Mapletree Logistics Trust’s gross revenue in 2QFY17 was up 4.7% YoY to S$91.6m, underpinned by contributions from acquisitions and completed redevelopment projects, but partially offset by lower revenue from Singapore, China and South Korea.
Looking ahead, however, OCBC Investment Research notes that management expects the leasing environment to remain challenging, especially for several of its single user assets. This is driven by muted global economic conditions which have impacted business and consumer sentiment.
2Q DPU came in flat YoY at 1.86 S cents. On a 1HFY17 basis, gross revenue rose 5.0% to $181.1m.
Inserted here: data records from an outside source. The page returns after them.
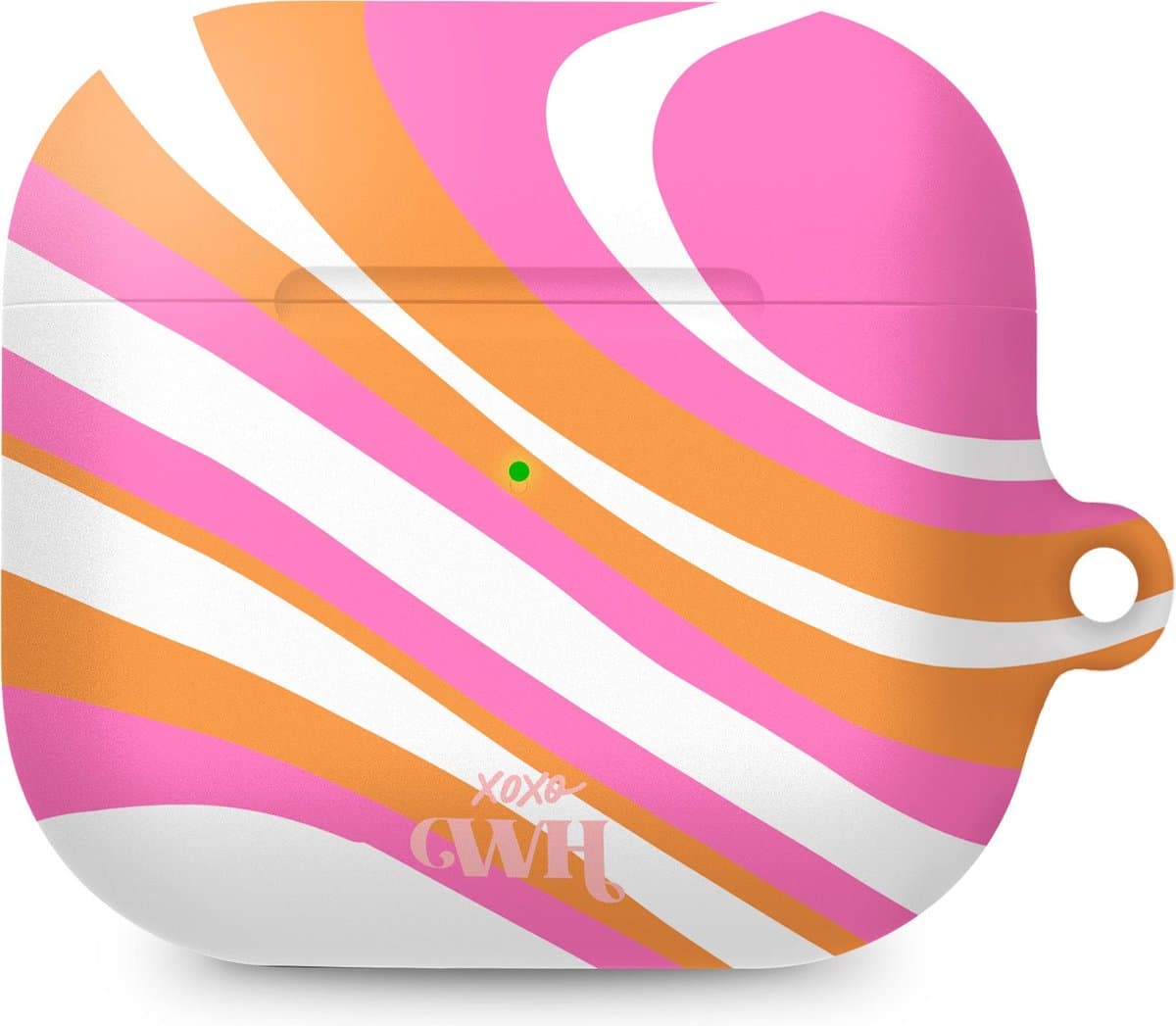 xoxo Wildhearts hoesje geschikt voor AirPods 4 - Chasing Sunsets - Ook als telefoonhoesje verkrijgbaar - schokbestendige case - koptelefoonhoesje - Matte afwerking - Beschermhoes met golvende print - golven - Beige - Oranje - Roze — afbeelding 1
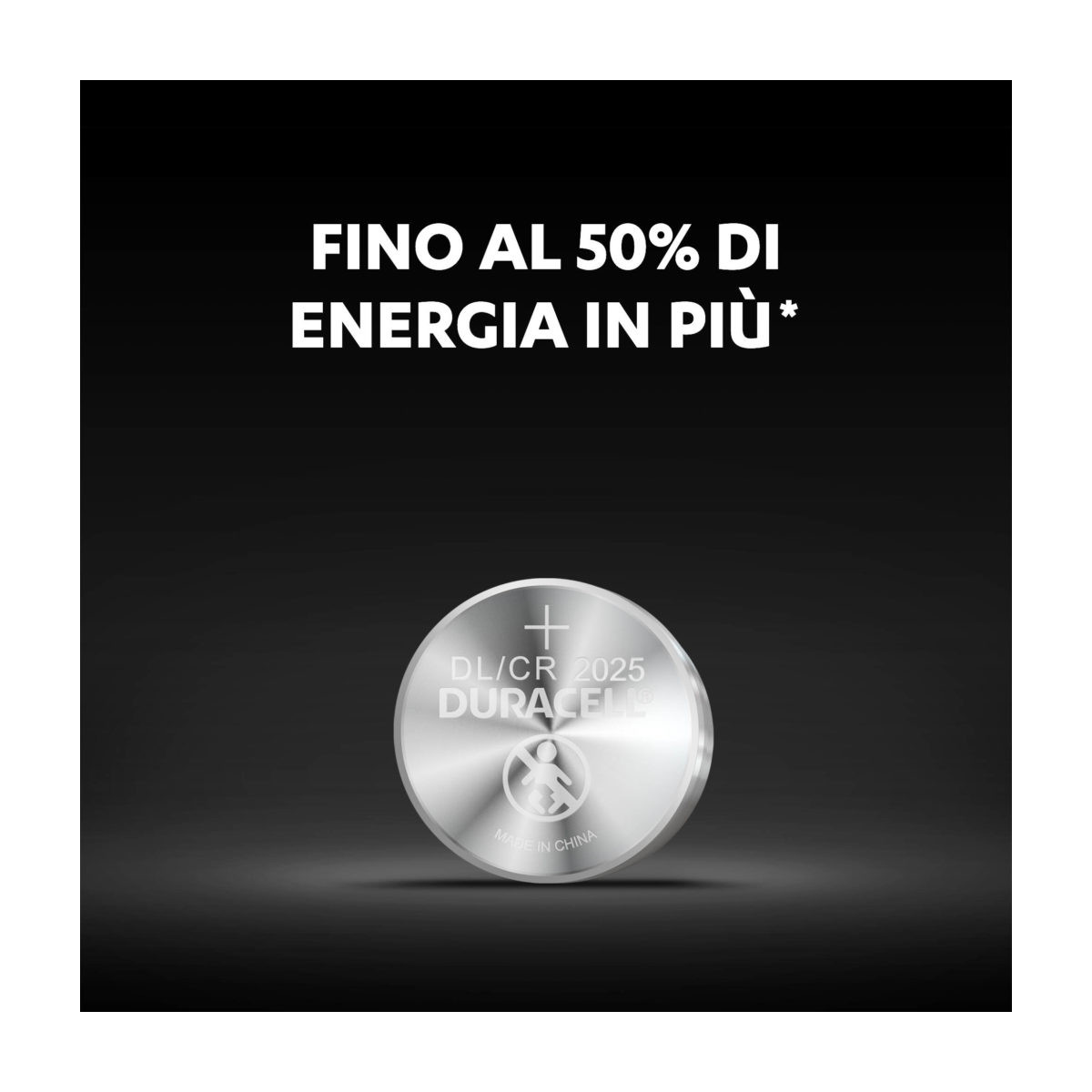 Pila a bottone Duracell DL/CR 2025 su sfondo nero con testo.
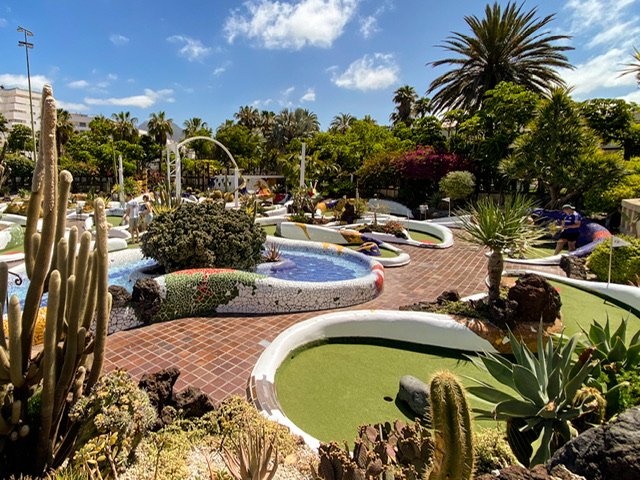 A plant-filled mini-golf course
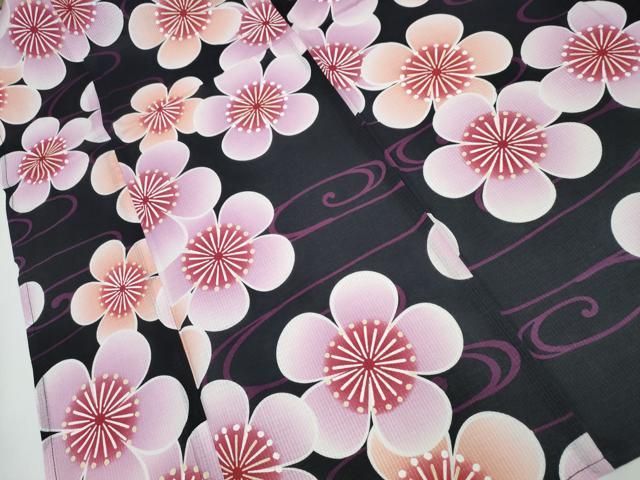 浴衣 綿紅梅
DPU of 3.71 S cents was similar to 1HFY16
Operationally, MLT managed to improve its occupancy from 95.4% (as at 30 Jun 2016) to 96.4% as a result of higher take-up in Singapore, Hong Kong, China and Malaysia. Only South Korea registered a weaker occupancy.
Positive rental reversions of 2% were achieved, and this was largely contributed by Singapore, Hong Kong and South Korea.
MLT has 10.1% of its NLA which is expiring for the remainder of FY17, of which 4.1% is for single user assets and 6.0% is for multi-tenanted buildings.